[The data — start]
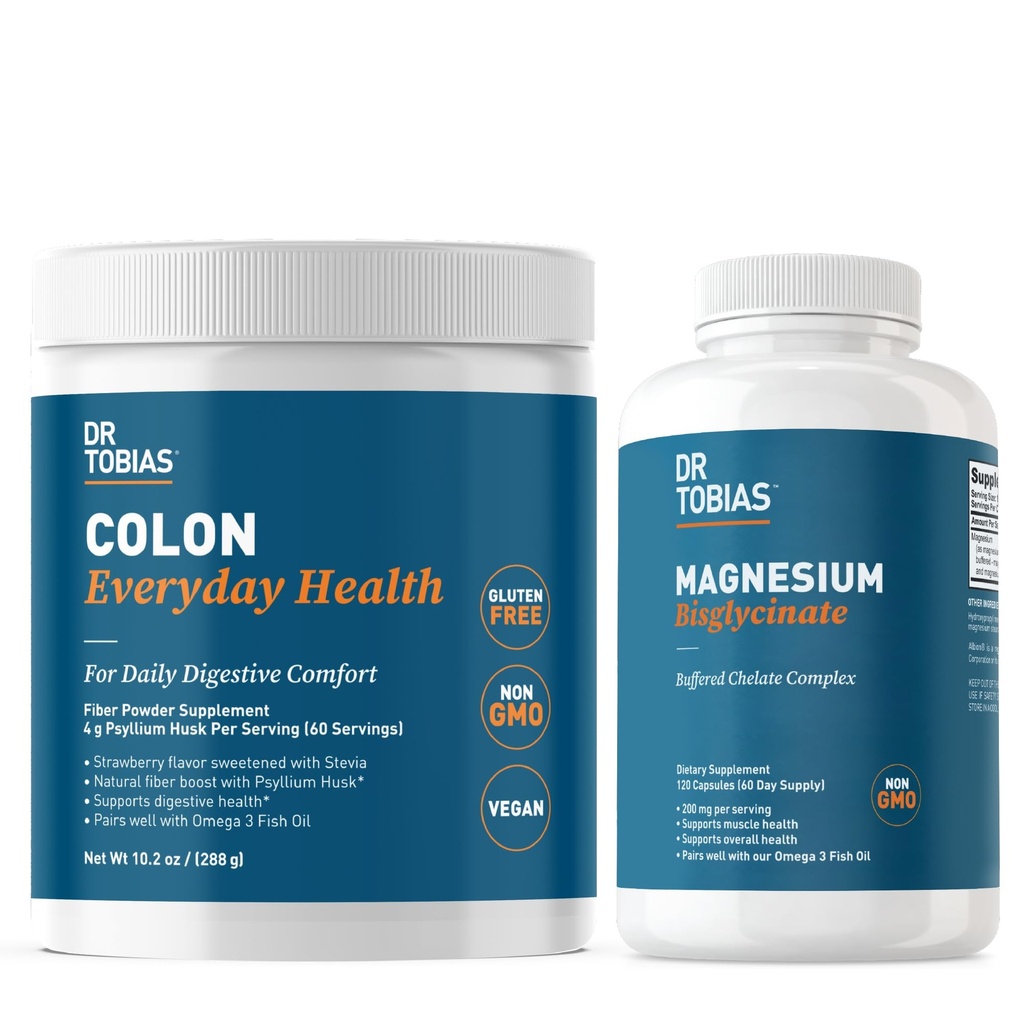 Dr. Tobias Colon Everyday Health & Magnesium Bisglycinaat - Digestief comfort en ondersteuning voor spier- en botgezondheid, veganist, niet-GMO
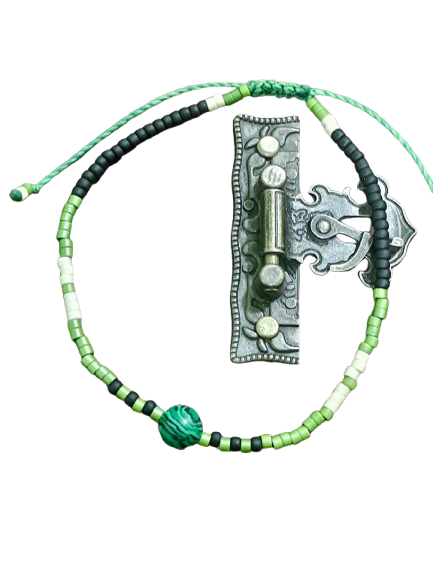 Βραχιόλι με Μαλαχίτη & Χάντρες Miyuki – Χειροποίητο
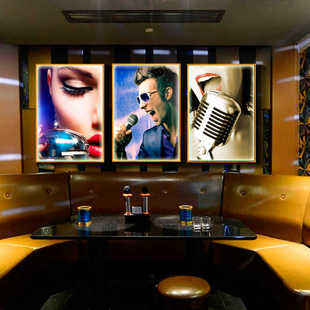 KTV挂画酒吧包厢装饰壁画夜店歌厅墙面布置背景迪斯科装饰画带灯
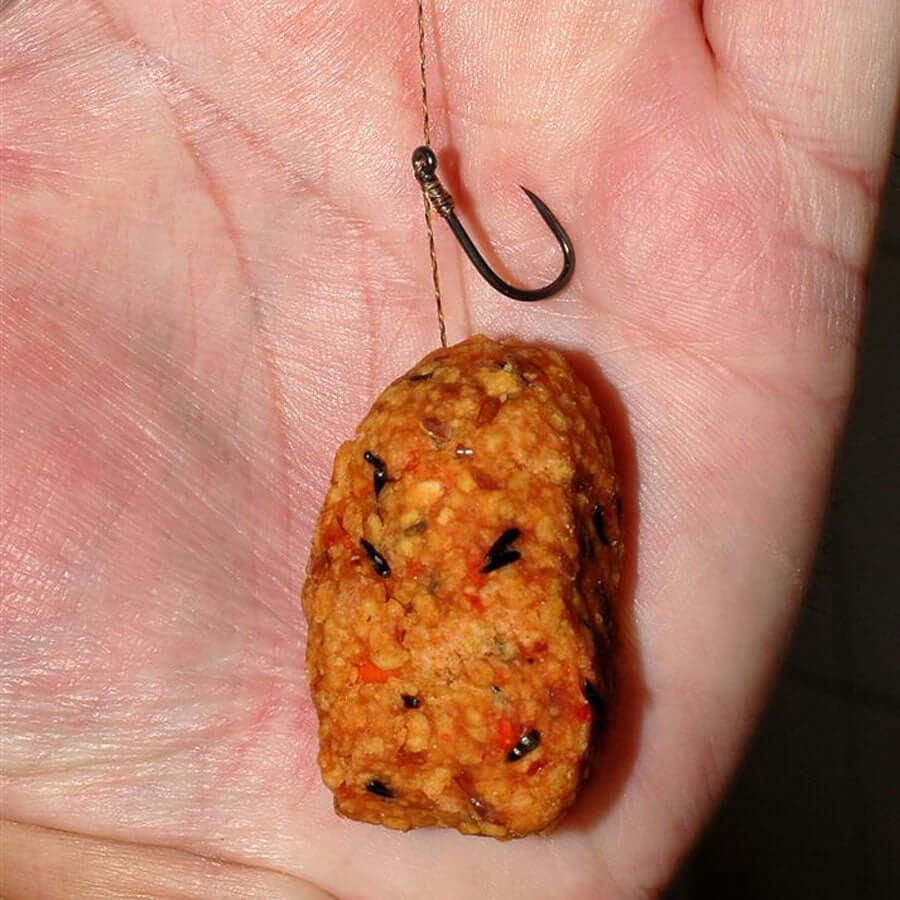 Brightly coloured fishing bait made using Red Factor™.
[The data — finish]
◆ **Work request**
Pictures do not belong in the copy; repeat the rest of the listing exactly.

◆ **Output for this task**
 Dr. Tobias Colon Everyday Health & Magnesium Bisglycinaat - Digestief comfort en ondersteuning voor spier- en botgezondheid, veganist, niet-GMO
 Βραχιόλι με Μαλαχίτη & Χάντρες Miyuki – Χειροποίητο
 KTV挂画酒吧包厢装饰壁画夜店歌厅墙面布置背景迪斯科装饰画带灯
 Brightly coloured fishing bait made using Red Factor™.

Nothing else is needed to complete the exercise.